# Knife bling



## RonB (Mar 22, 2019)

I have 3 more pieces of equipment I need to move into the new wood shop, and I will be ready to start making stock removal knives. I took a stock removal class last Saturday, so I have that blade ready to put a handle on. I also have a blade I purchased some time ago from Robin Dalman. And I have an unfinished blank from Dave Martell.

There is plenty of wood stacked in my shop, (see this thread). Now I need to get a little bling, (such as mosaic pins and liners), for these upcoming projects. I know of a few retailers like Alpha and USA Knife, but am wondering if any suppliers stand out from the rest.

I will be doing stock removal for now, and mostly shorter knives until I have some skill developed. Here is the blade from the class I took.







Thanx for any info you care to share ~ Ron


----------



## RDalman (Mar 22, 2019)

I have bought from and been happy customer with knifekits and jantz - https://www.knifemaking.com/Default.asp


----------



## Tim Rowland (Mar 22, 2019)

I use a few different places online and a local shop to me in North Georgia.
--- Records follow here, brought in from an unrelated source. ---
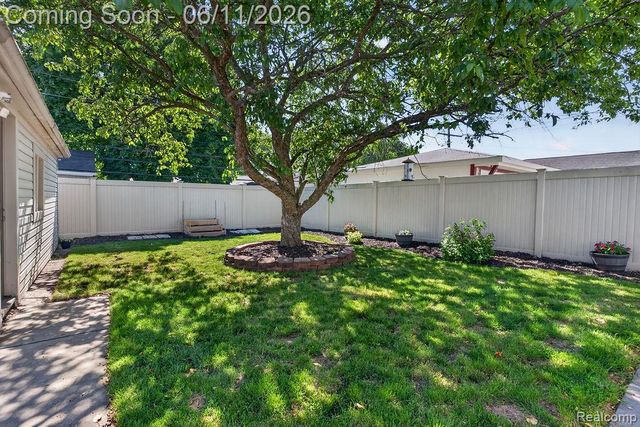 16627 McCann Street, Southgate, MI 48195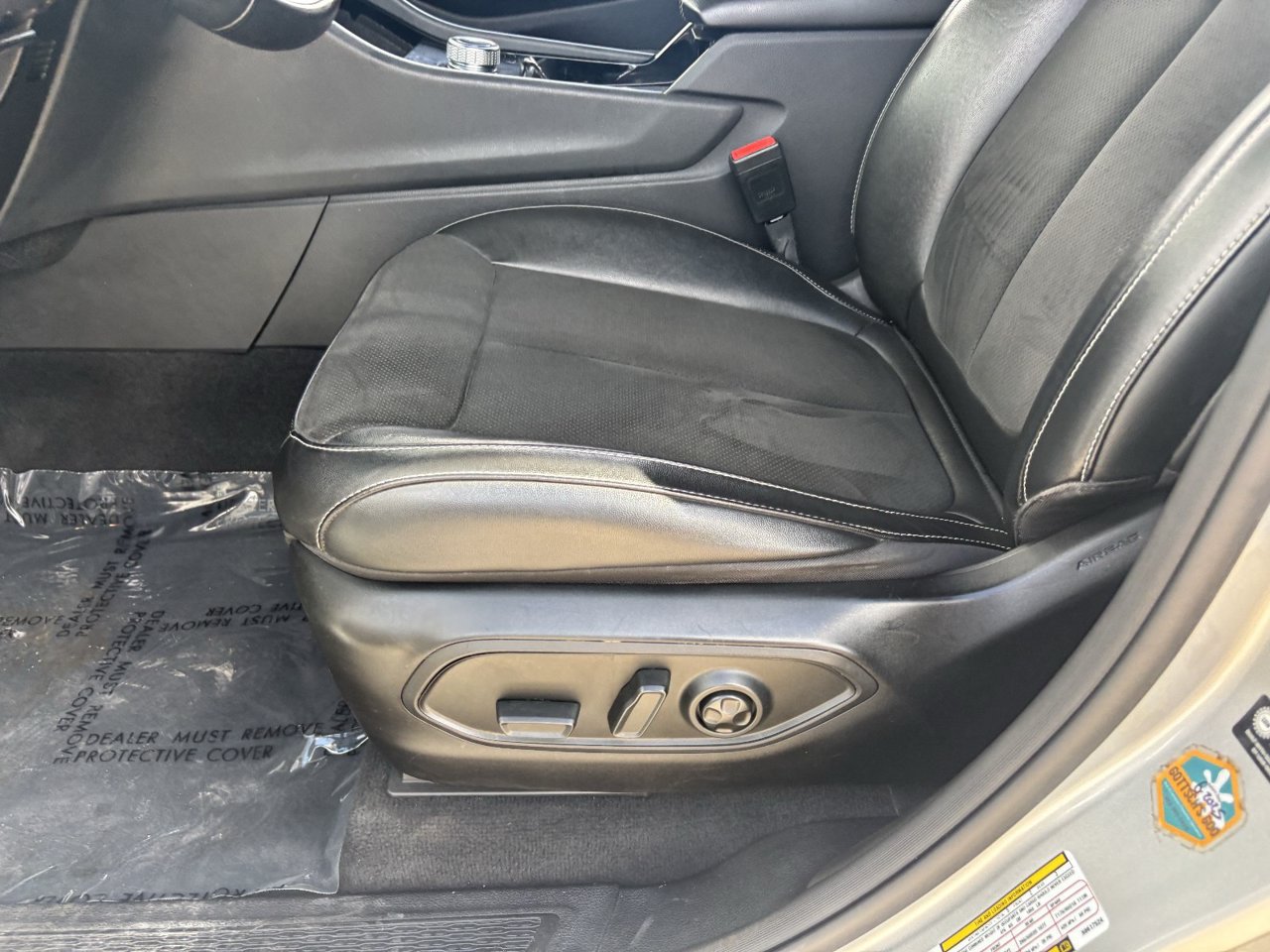 Used 2022 Jeep Grand Cherokee Altitude AWD/4WD image 18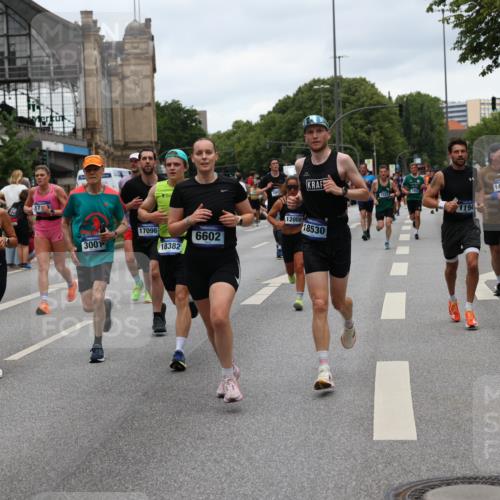 29.06.2025 - hella hamburg halbmarathon Yannick Fuchs http://msf.ph/oto/8462637 29.06.2025 10:56:53 20KM 1114, 1126, 1194, 1212, 1420, 1427, 1531, 1674, 1851, 1881, 2447, 2582, 2683, 2911, 3001, 3182, 3248, 3625, 3740, 4389, 4511, 4538, 5653, 5708, 5763, 6311, 6602, 6966, 7453, 8068, 8176, 8721, 8730, 9306, 9554, 11310, 12004, 12008, 12286, 12571, 12836, 12978, 13739, 13874, 13939, 14348, 14677, 14917, 16420, 16540, 17045, 17096, 17119, 17142, 17818, 18382, 18530, 18999, 19241 meine-sportfotos.de
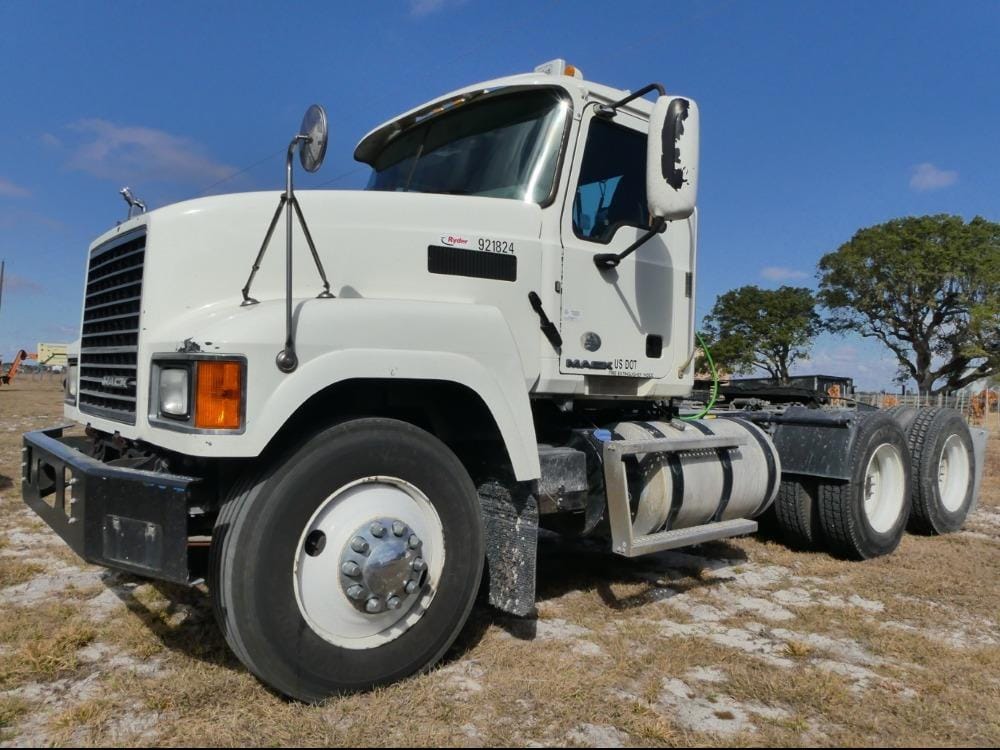 2015 Mack Pinnacle CHU613 Equipment Image0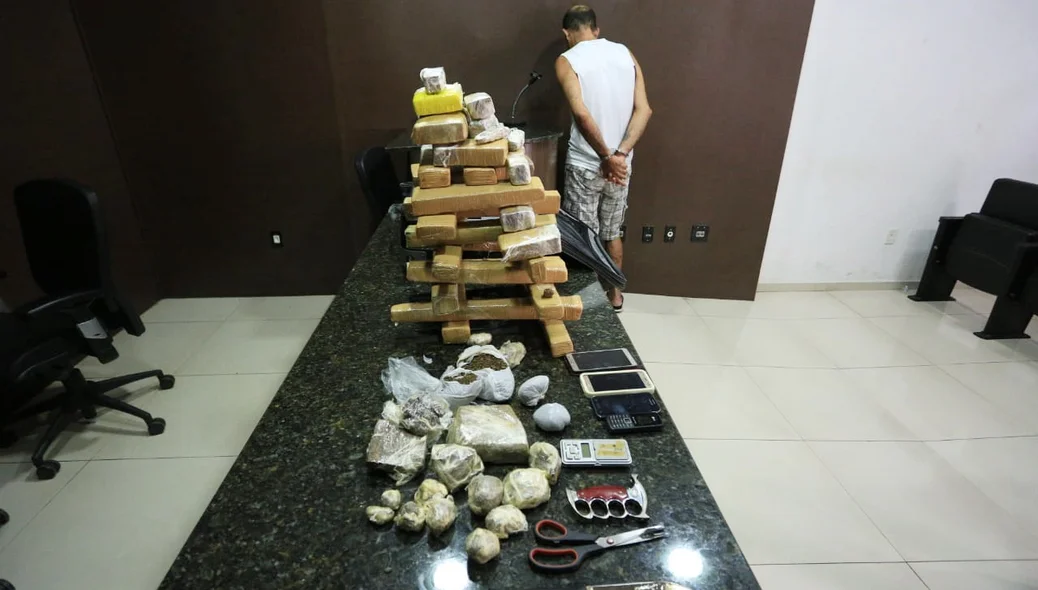 Além de maconha, com James foi encontrado tesoura, celulares e balança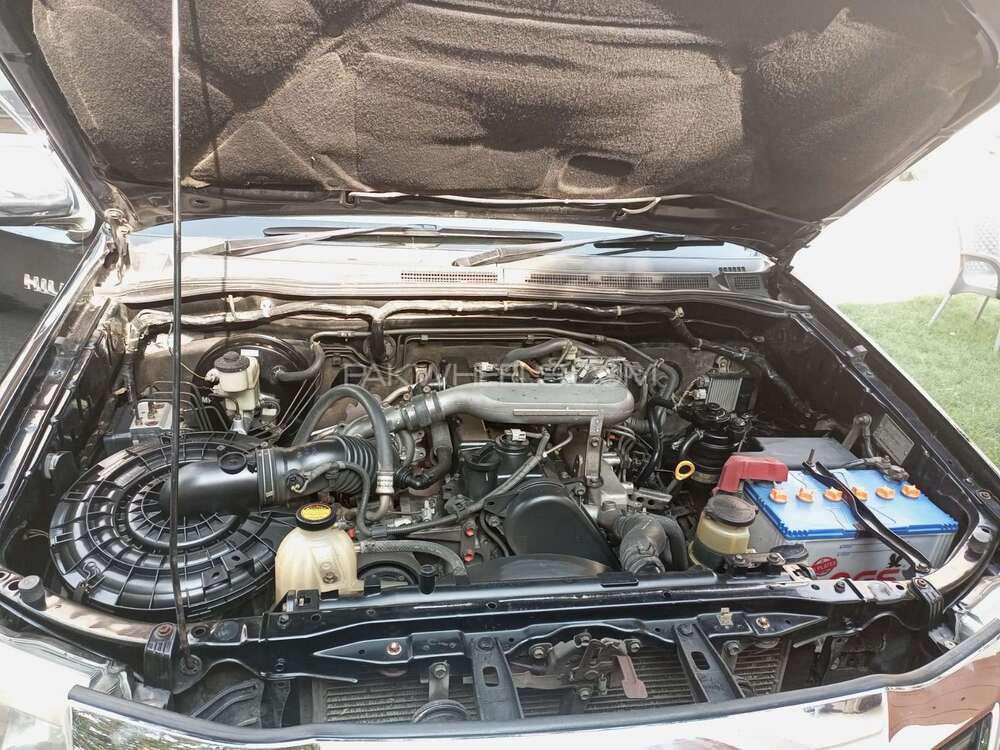 Toyota Hilux 2012 for Sale in Karachi Toyota Hilux 2012 for Sale in Karachi Image-8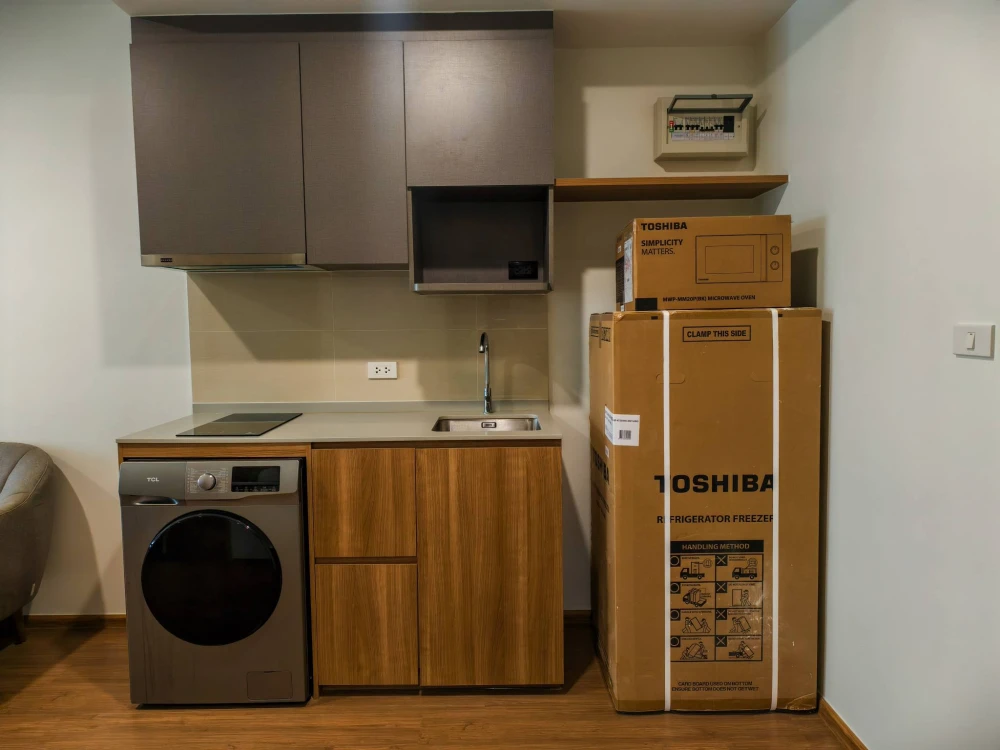 For rent: The Livin Phetkasaem, high floor unit, ready to move in. Book now before it's too late!!!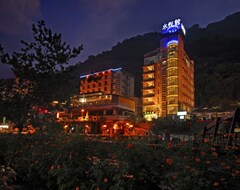 Khách sạn Crystal Hotel (Renai Township, Taiwan)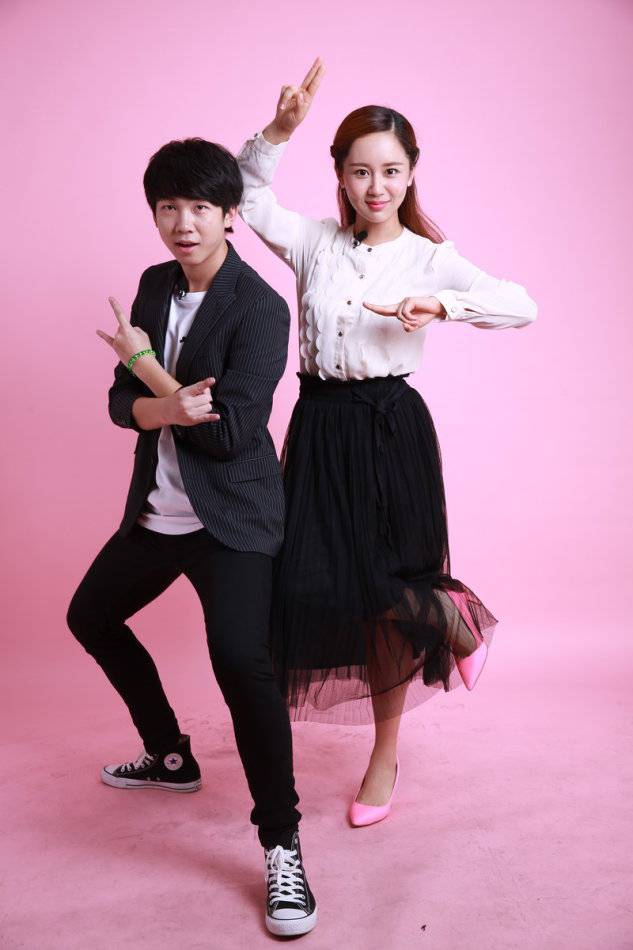 白举纲杨紫俏皮情侣写真 携手登陆《花样年华2》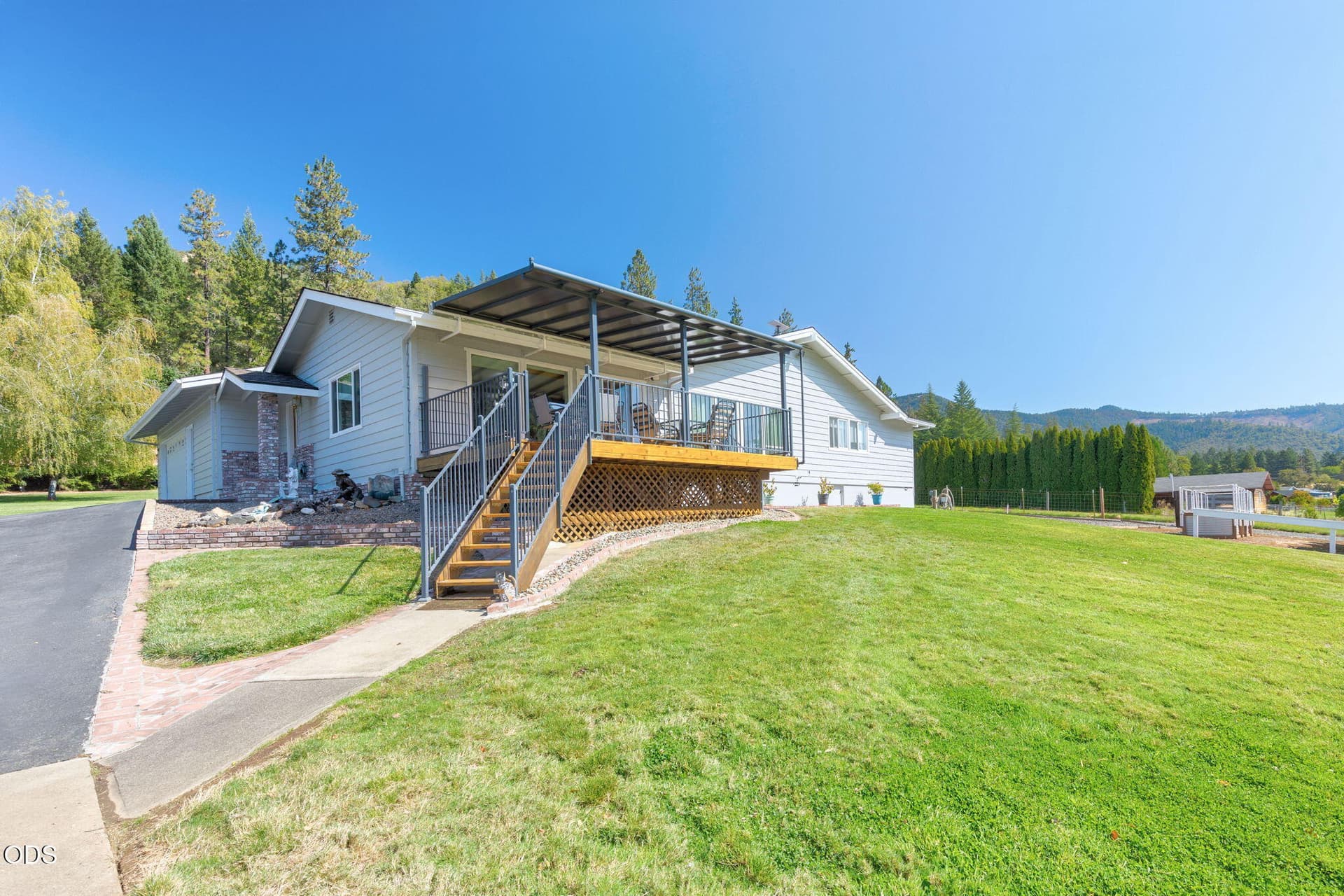 1-web-or-mls-7695-n-applegate-rd. Photo 2 of 54, 7695 N Applegate Road, Grants Pass, OR 97527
https://www.alphaknifesupply.com/
https://newjerseysteelbaron.com/
https://pops-knife-supply.myshopify.com/
https://www.combatabrasives.com/
http://www.texasknife.com/vcom/index.php
https://www.knifemaking.com/
https://www.oldetownecutlery.com/


----------



## RonB (Mar 24, 2019)

Thanx for the info guys.


----------



## milkbaby (Mar 24, 2019)

Knife and gun finishing supplies are famous for their wood stabilizing service but also sell other knife stuff:
www.knifeandgun.com

Maker material supply sells a bunch of stuff plus Hitachi steel:
www.makermaterialsupply.com


----------